Set down, exactly as they stand, the lines from the one containing "this 194×131 image." through the last line of the records below, leaving every picture out.

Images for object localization
────────────────
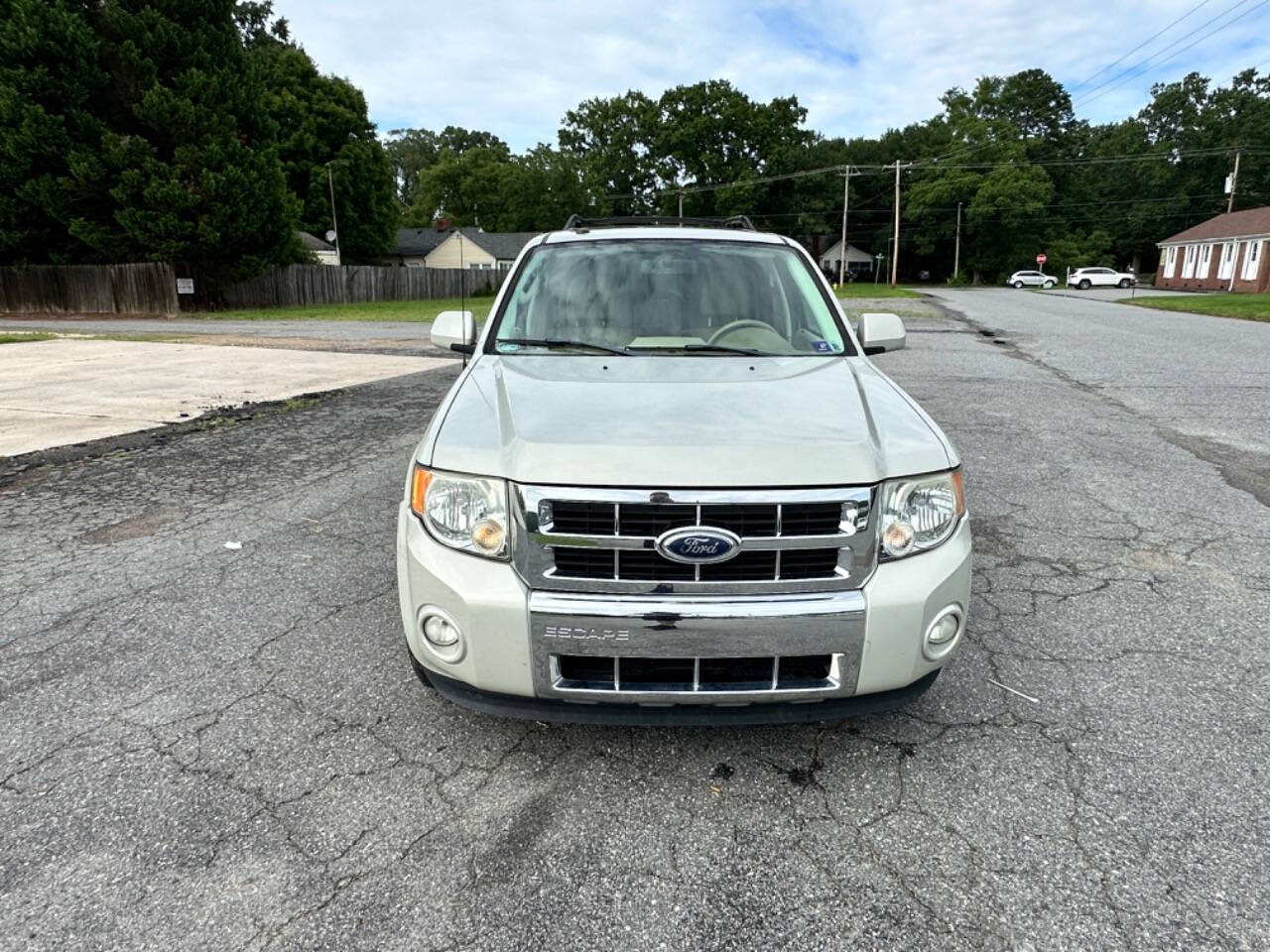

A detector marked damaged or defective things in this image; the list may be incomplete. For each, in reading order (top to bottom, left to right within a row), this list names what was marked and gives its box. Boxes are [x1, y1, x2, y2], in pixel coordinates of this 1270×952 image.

patched asphalt [2, 294, 1270, 949]
cracked asphalt [2, 293, 1270, 952]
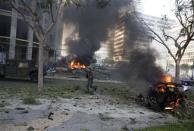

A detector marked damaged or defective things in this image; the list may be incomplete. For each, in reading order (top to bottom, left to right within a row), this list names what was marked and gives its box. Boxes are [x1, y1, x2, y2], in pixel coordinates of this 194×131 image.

destroyed vehicle [0, 59, 45, 81]
destroyed vehicle [148, 74, 184, 111]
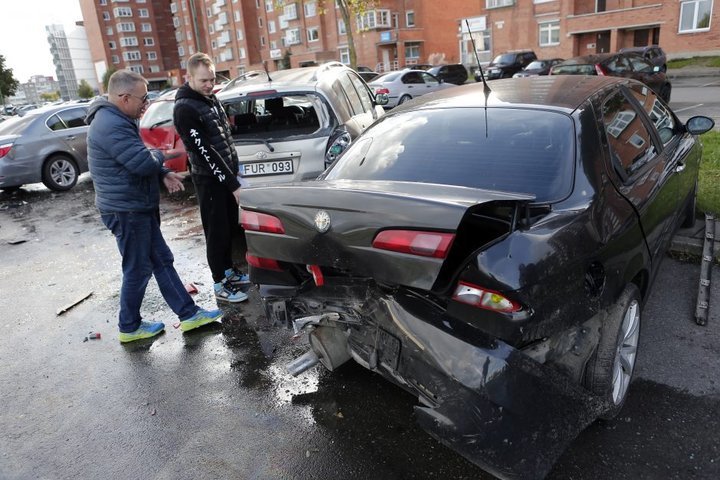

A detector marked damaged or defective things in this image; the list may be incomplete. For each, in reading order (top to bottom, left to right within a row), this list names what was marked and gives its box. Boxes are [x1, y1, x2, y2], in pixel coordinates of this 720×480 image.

broken tail light [243, 209, 286, 233]
broken tail light [372, 230, 456, 258]
broken tail light [246, 253, 282, 272]
damaged black sedan [238, 77, 716, 478]
broken tail light [452, 282, 520, 316]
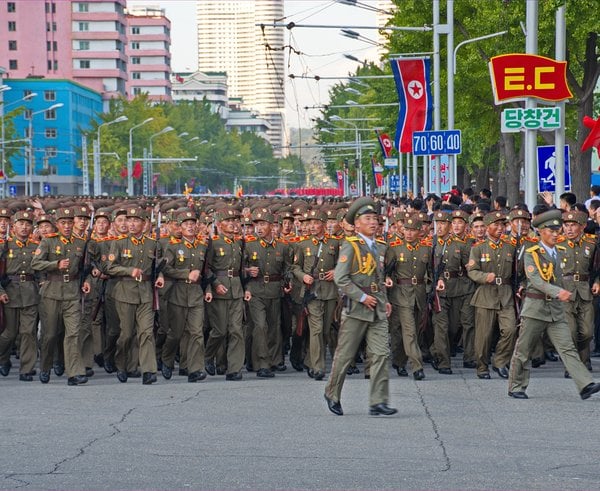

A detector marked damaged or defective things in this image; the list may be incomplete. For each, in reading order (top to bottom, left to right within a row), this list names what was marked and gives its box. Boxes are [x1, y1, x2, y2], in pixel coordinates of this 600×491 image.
────────────────
FINAL ANSWER
A detector marked damaged or defective things in this image; the list may be incomplete. For each, in reading order (top to bottom, left to right within a row), this list names what was marked and gives its box. Boxes are [x1, y1, x2, y2], in pixel coordinates of this 194×131 image.

destroyed vehicle [0, 59, 45, 81]
destroyed vehicle [148, 74, 184, 111]

A detector marked damaged or defective things in this image; the list may be incomplete. For each, in reading order (top to bottom, left to right within a row), this list names what was marked and gives its box. Boxes are [x1, y1, x2, y2], in pixel coordinates of this 720×480 image.

broken tail light [243, 209, 286, 233]
broken tail light [372, 230, 456, 258]
broken tail light [246, 253, 282, 272]
damaged black sedan [238, 77, 716, 478]
broken tail light [452, 282, 520, 316]

A detector marked damaged or defective things in this image; the list may be incomplete. For each, in reading order (top to bottom, left to right within a row), this list names what was marked and gives its box. Boxes are [x1, y1, x2, y2], in pixel coordinates of this 600×491 image.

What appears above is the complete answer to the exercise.